**Problem to solve**:
The answer must consist solely of the lines from the one containing "Hello, I'm Helen" through the last line of the records, set down exactly and without any pictures.

**Source data**:
*-*-*
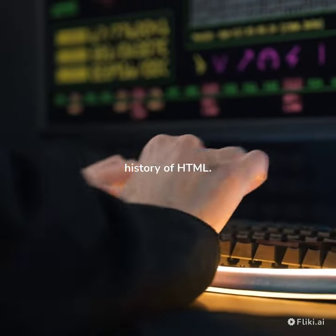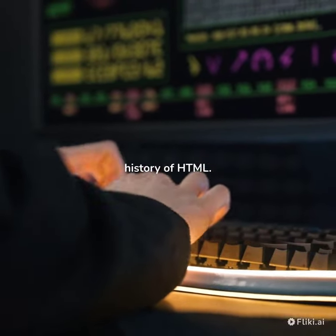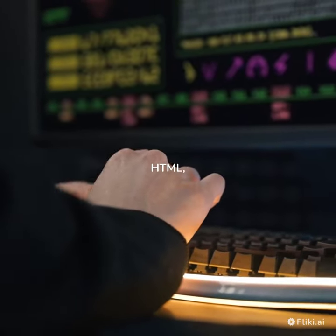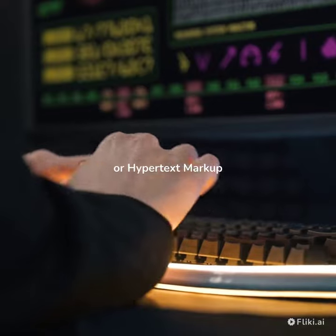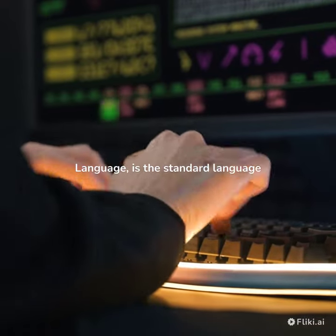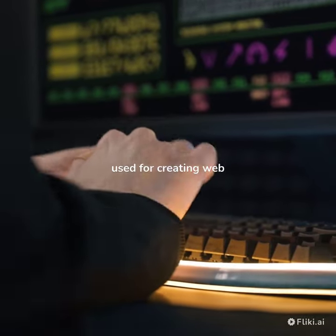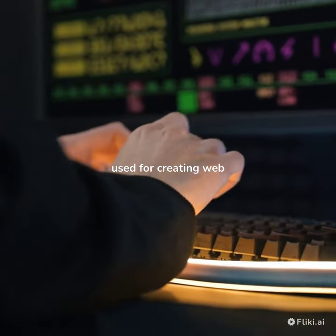Welcome to our video on the history of HTML. HTML, or Hypertext Markup Language, is the standard language used for creating webpages.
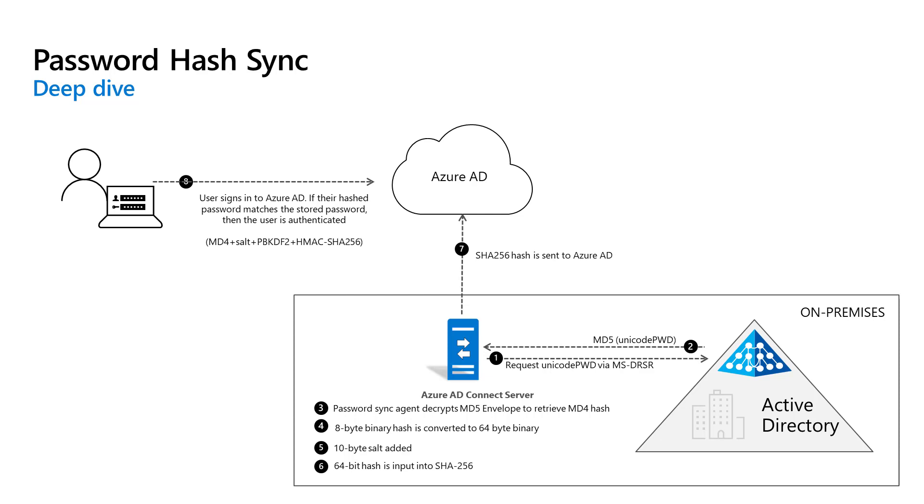Before it sends it, the domain controller encrypts the MD4 password hash by using a key that is a MD5 hash, hence hash of the hash, of the RPC session key and a salt. It then sends the result to the password hash synchronization agent over RPC. The domain controller also passes the salt to the synchronization agent by using the domain controller replication protocol, so the agent will be able to decrypt the envelope.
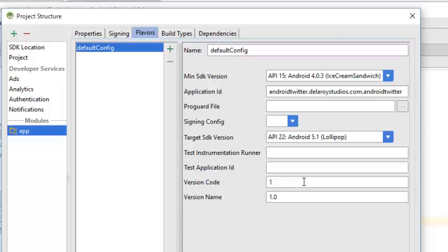The version code can be changed to two, but I don't really have to change my version code now because I just did a slight change in the application. It's not that the UI or some major functionalities have been changed or a complete overhaul has been made to the application. Presently, I just need to change my version name to extend it to 1.1.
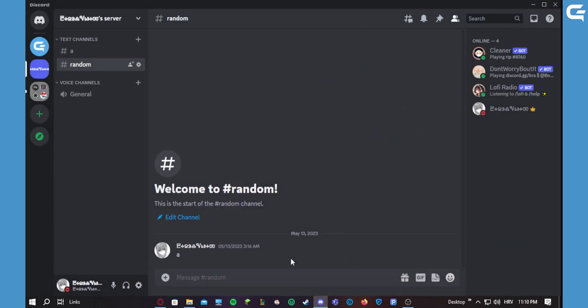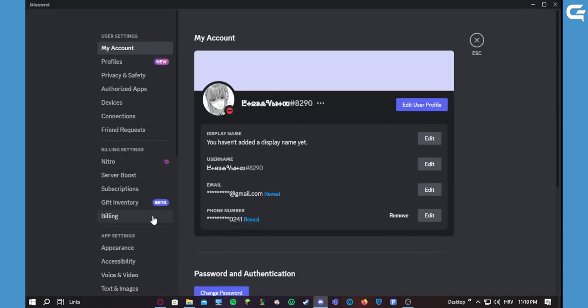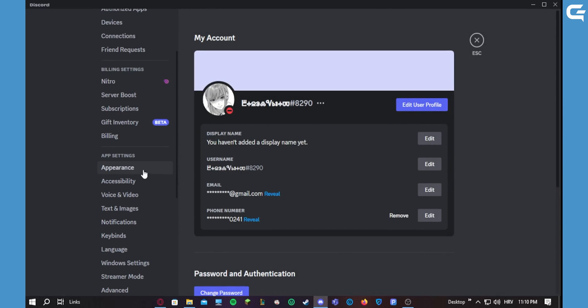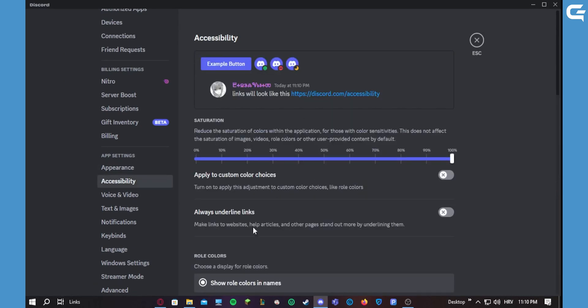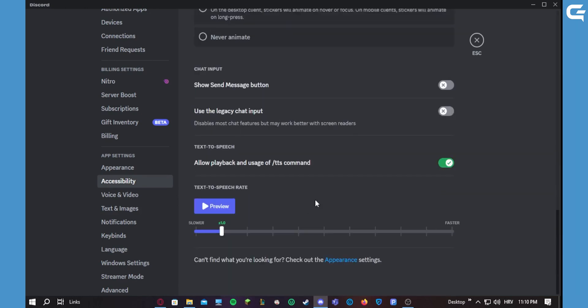What you want to do is go down to your user settings and scroll down. Under app settings you should find accessibility. When you're here, scroll all the way down and you'll see 'text-to-speech: allow playback and usage of text-to-speech command.' You want to turn this off, and now you have successfully fixed your problem.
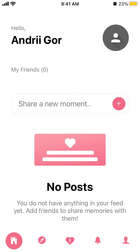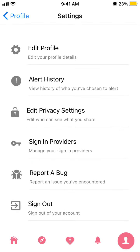Hello everyone. So here is the LoveAlert app. To delete an account here, here's what I would do.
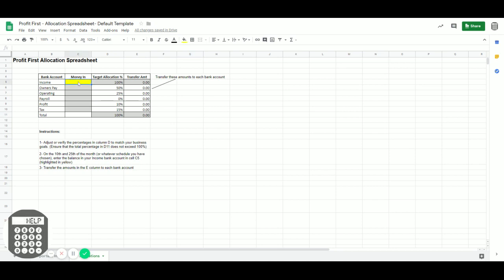So let's say that, for example, you have $4,000 in your income account. You just type that in, press enter, and there you go. It immediately tells you exactly how much money you need to transfer to each account.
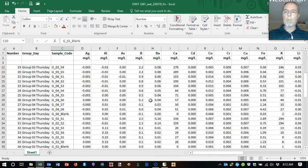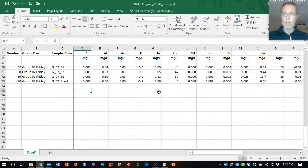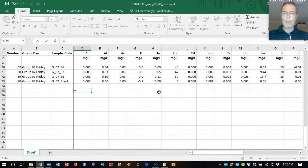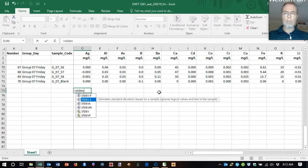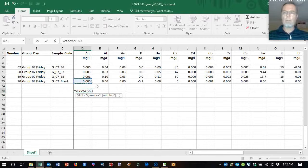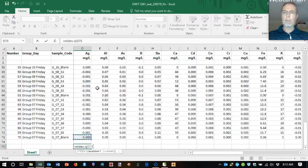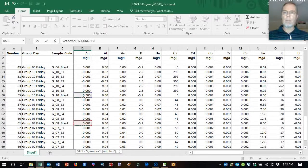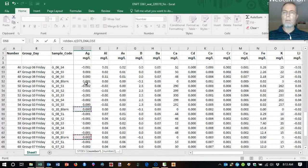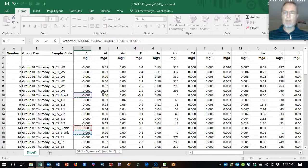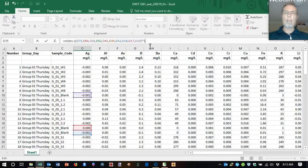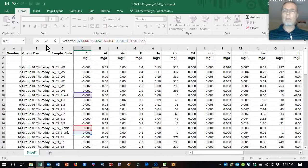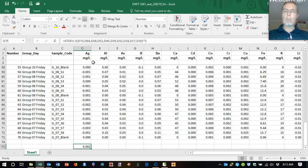So what I'm going to do first is actually calculate detection limits. The way that we do that is to pop in a formula here. I'm going to calculate the sample standard deviation of our blank values. I'm going to select multiple blank values here just by holding down the control key with each one. Every group more or less has got a blank value and there's the formula for our standard deviation. Conventionally we multiply that standard deviation by three and that gives us the lower limit of detection for that particular element.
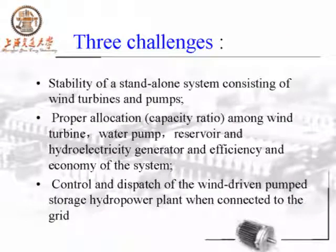In this system, there are three challenges. One is the stability of a stand-alone system consisting of wind energy and wind pumps. Two is the proper allocation among wind turbines, water pumps, reservoir, and hydroelectric generator, and the efficiency and economy of the system. Another challenge is the control and dispatch of the wind-driven pumped storage hydropower plants when connected to the grid. My presentation today is only related to the first challenge.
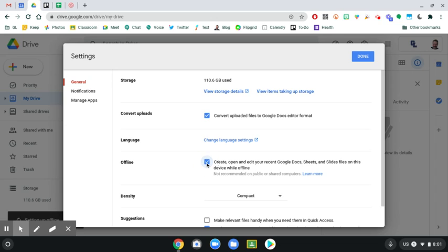So by turning this on, it's going to take all of your documents within your drive, download a copy onto your Chromebook so they're accessible without internet. And this could take some time, depends on how much you actually have inside your drive.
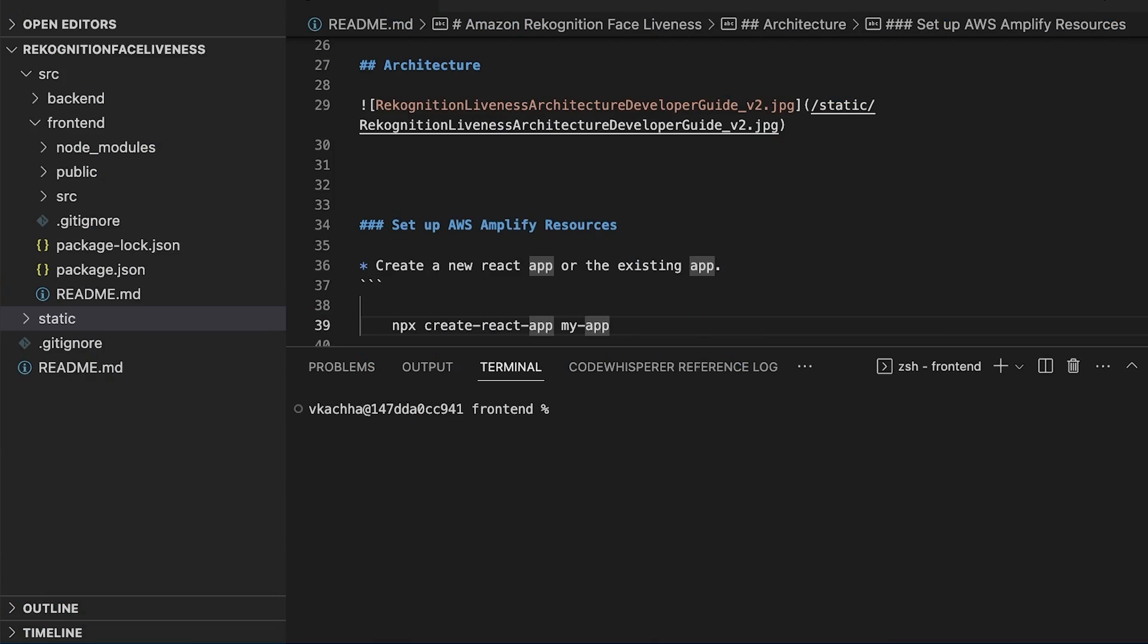Hi, I'm Vinit with AWS. Today I'm going to walk you through how to set up the AWS Amplify resource for Amazon Rekognition Face Liveness.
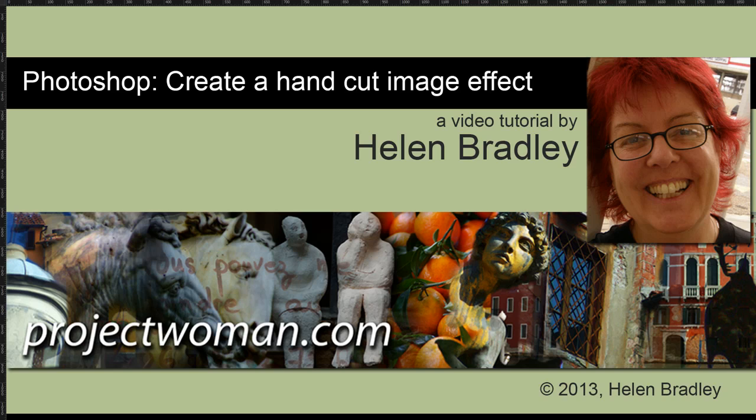Hello, I'm Helen Bradley. Welcome to this video tutorial. In this tutorial I'll show you how you can create a hand-cut image effect in Photoshop.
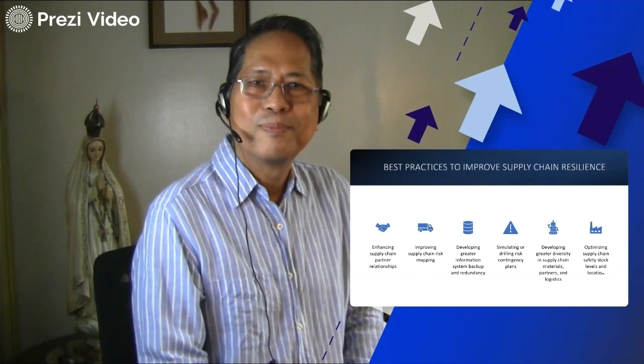I hope that you have learned something today. Thank you very much and God bless everyone.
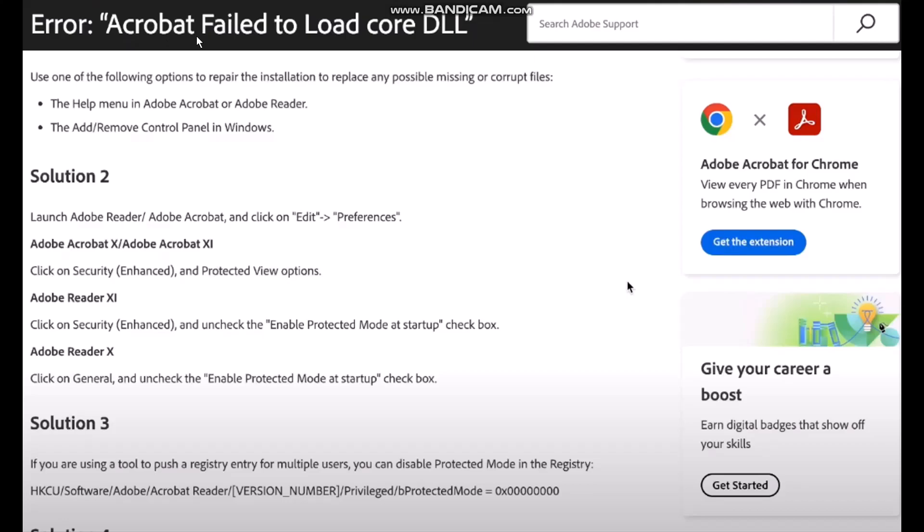First thing that you need to do is use one of the following options to repair the installation to replace any possible missing or corrupt files: the help menu in Adobe Acrobat or Adobe Reader, then add or remove control panel in Windows.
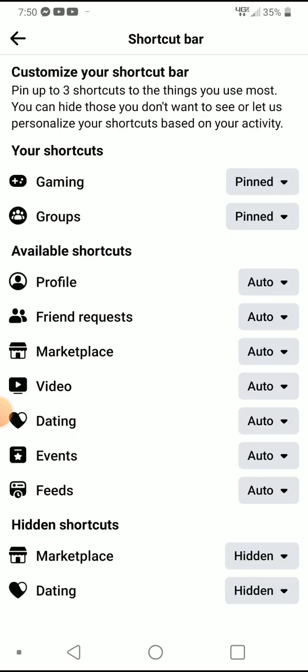This is where you can customize everything. You can also hide shortcuts down at the bottom, and you can see which ones are available. Since I don't use the Gaming one that much, I'm going to hide that shortcut.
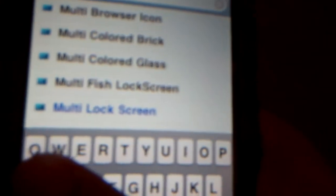First you have to go in here and type in multitasking. Once you see multitasking...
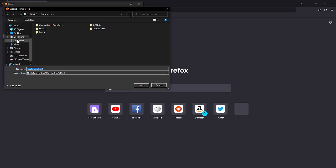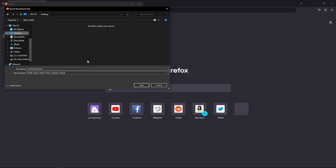I suggest that you save this on your desktop so you can easily locate it. Then just click on save right here. After clicking on save, you should be able to export your bookmarks from your Firefox.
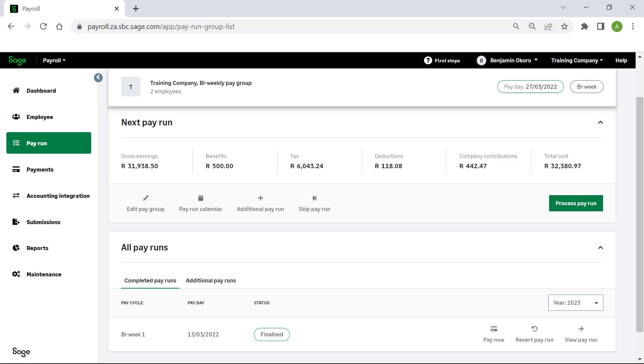Congratulations! You now know how to process a pay run in Sage HR and Payroll. Thank you for watching.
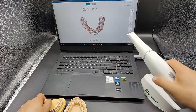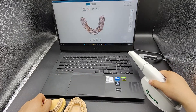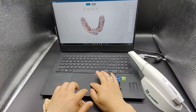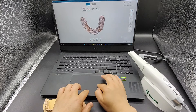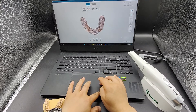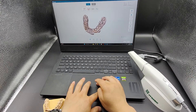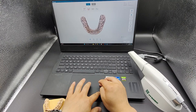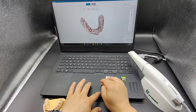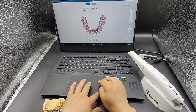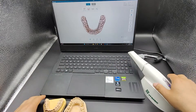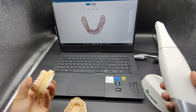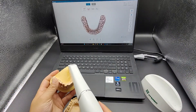Use the right mouse button to rotate the model and check if it has been scanned completely. If there is a need to re-scan a certain area, place the tip on the area to be re-scanned and scan it again.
*-*-*
**Expected answer**:
Hello, I'm Helen Bradley. Welcome to this video tutorial. In this tutorial I'll show you how you can create a hand-cut image effect in Photoshop.
I hope that you have learned something today. Thank you very much and God bless everyone.
First thing that you need to do is use one of the following options to repair the installation to replace any possible missing or corrupt files: the help menu in Adobe Acrobat or Adobe Reader, then add or remove control panel in Windows.
This is where you can customize everything. You can also hide shortcuts down at the bottom, and you can see which ones are available. Since I don't use the Gaming one that much, I'm going to hide that shortcut.
First you have to go in here and type in multitasking. Once you see multitasking...
I suggest that you save this on your desktop so you can easily locate it. Then just click on save right here. After clicking on save, you should be able to export your bookmarks from your Firefox.
Congratulations! You now know how to process a pay run in Sage HR and Payroll. Thank you for watching.
Use the right mouse button to rotate the model and check if it has been scanned completely. If there is a need to re-scan a certain area, place the tip on the area to be re-scanned and scan it again.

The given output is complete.